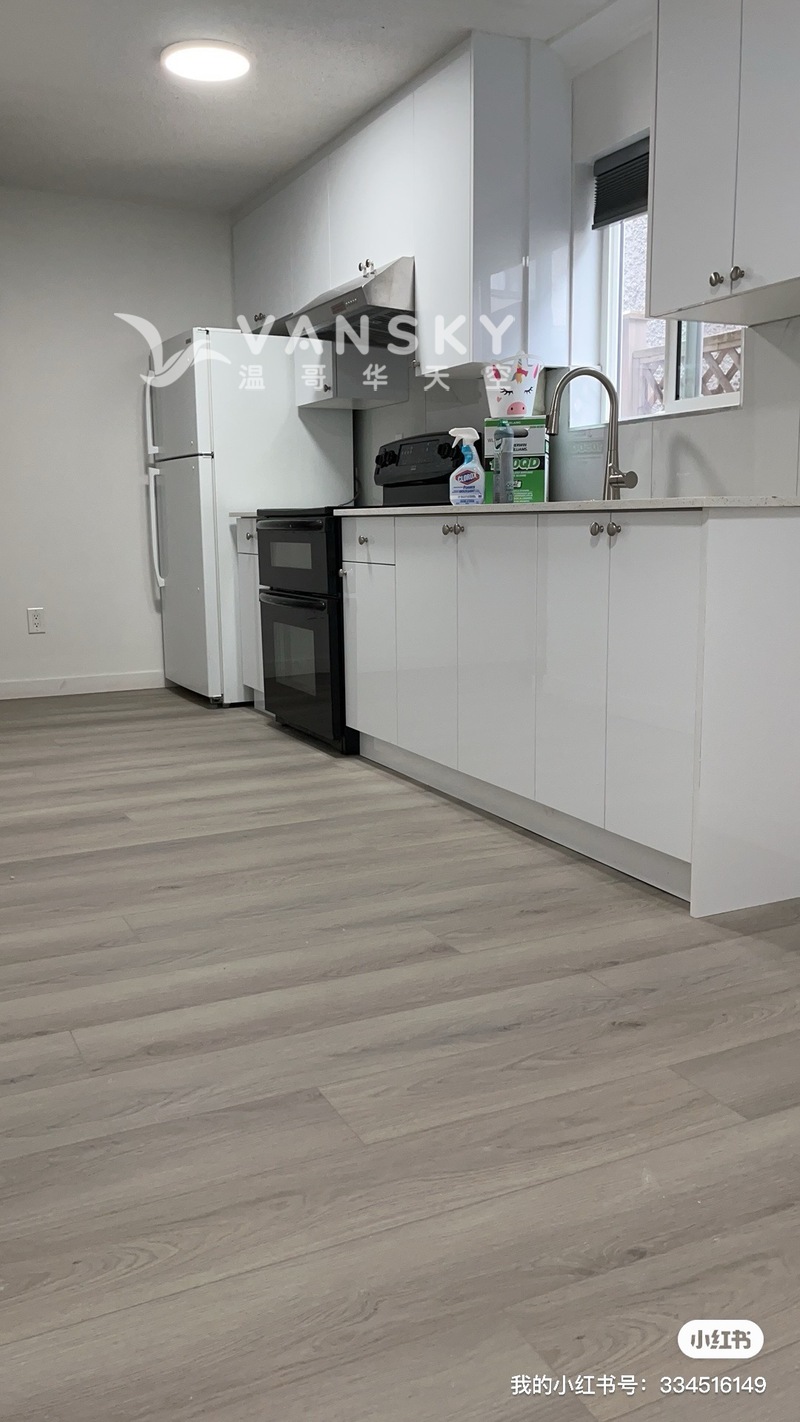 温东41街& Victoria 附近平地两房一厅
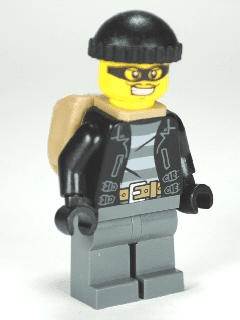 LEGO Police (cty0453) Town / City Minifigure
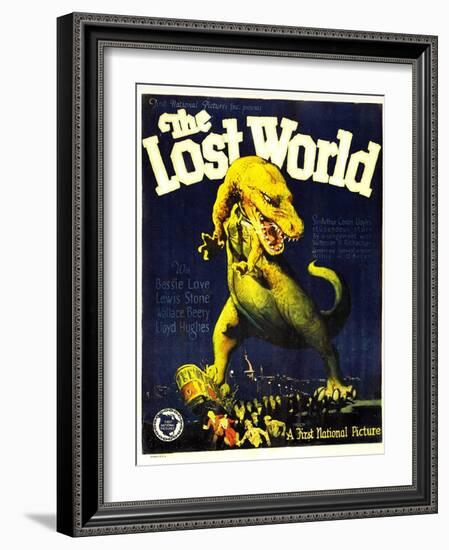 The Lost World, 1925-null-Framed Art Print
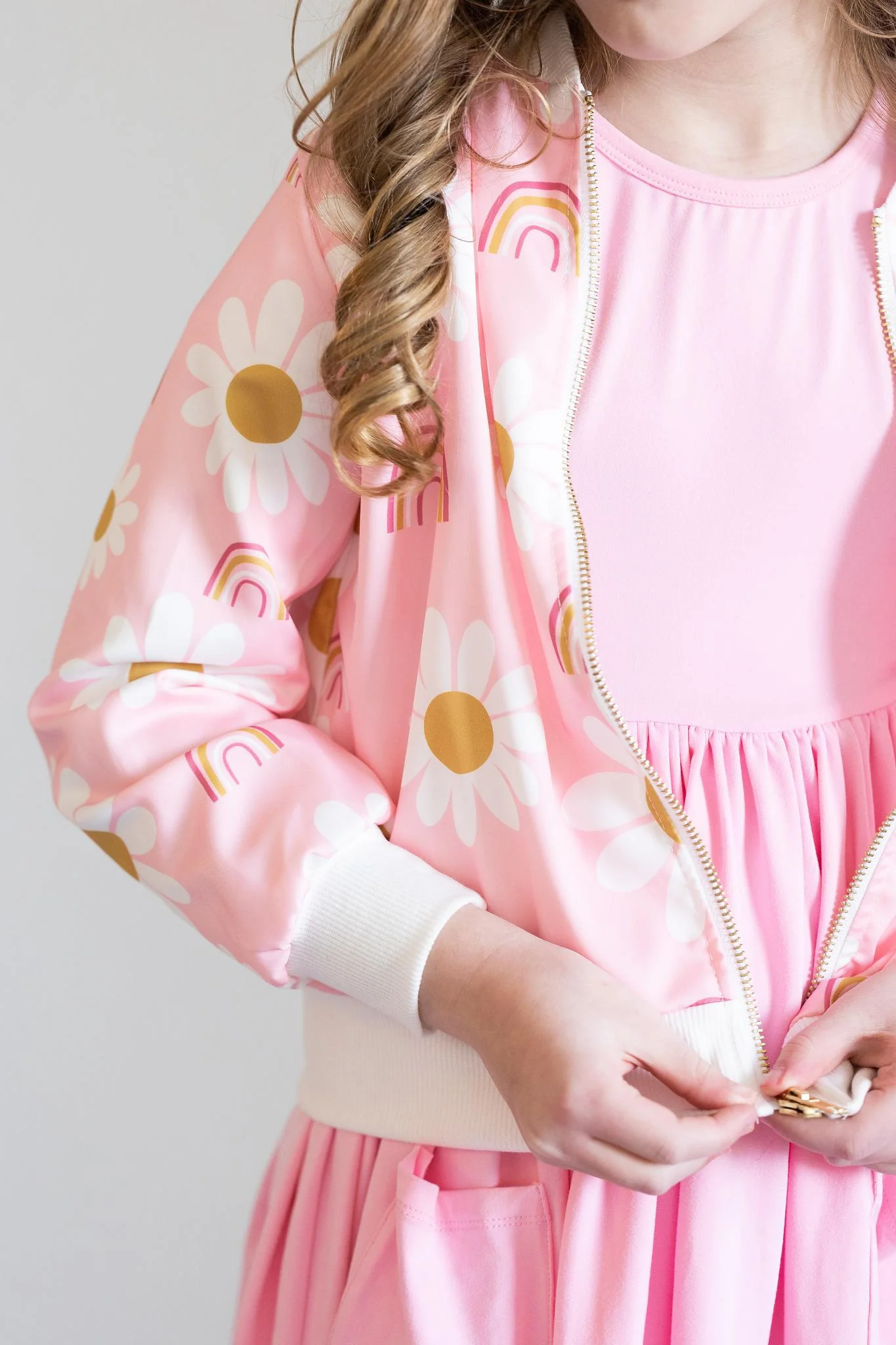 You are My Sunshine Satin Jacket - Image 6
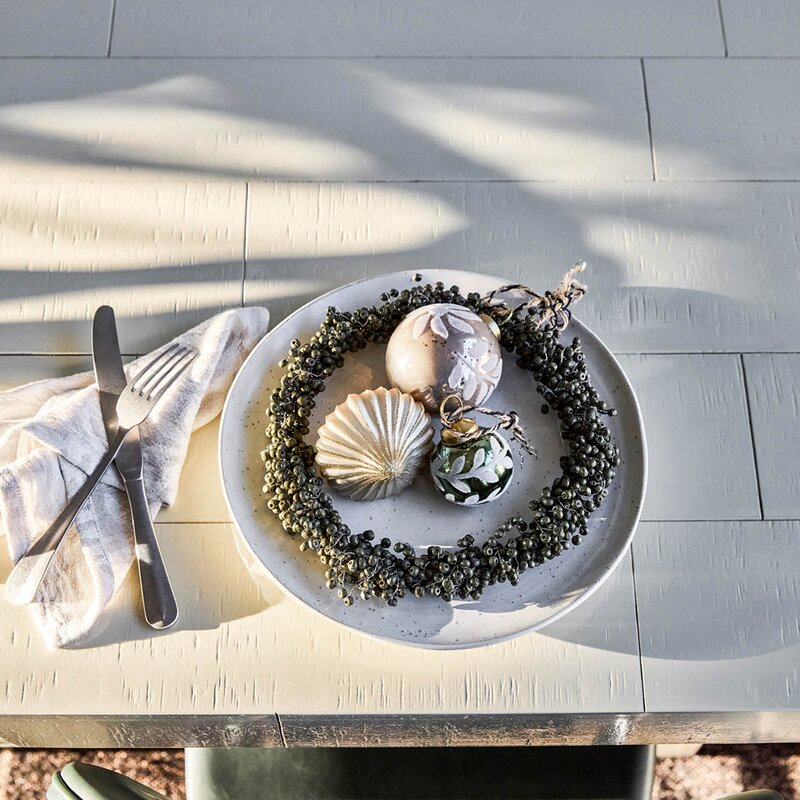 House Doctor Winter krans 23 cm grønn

..............................

TASK INSTRUCTIONS ▸
Only the lines from the one with "LEGO Police (cty0453) Town / City Minifigure" through the final line of the entries belong in the answer, set down exactly, with both ends included and no pictures.

WORKED SOLUTION ▸
 LEGO Police (cty0453) Town / City Minifigure
 The Lost World, 1925-null-Framed Art Print
 You are My Sunshine Satin Jacket - Image 6
 House Doctor Winter krans 23 cm grønn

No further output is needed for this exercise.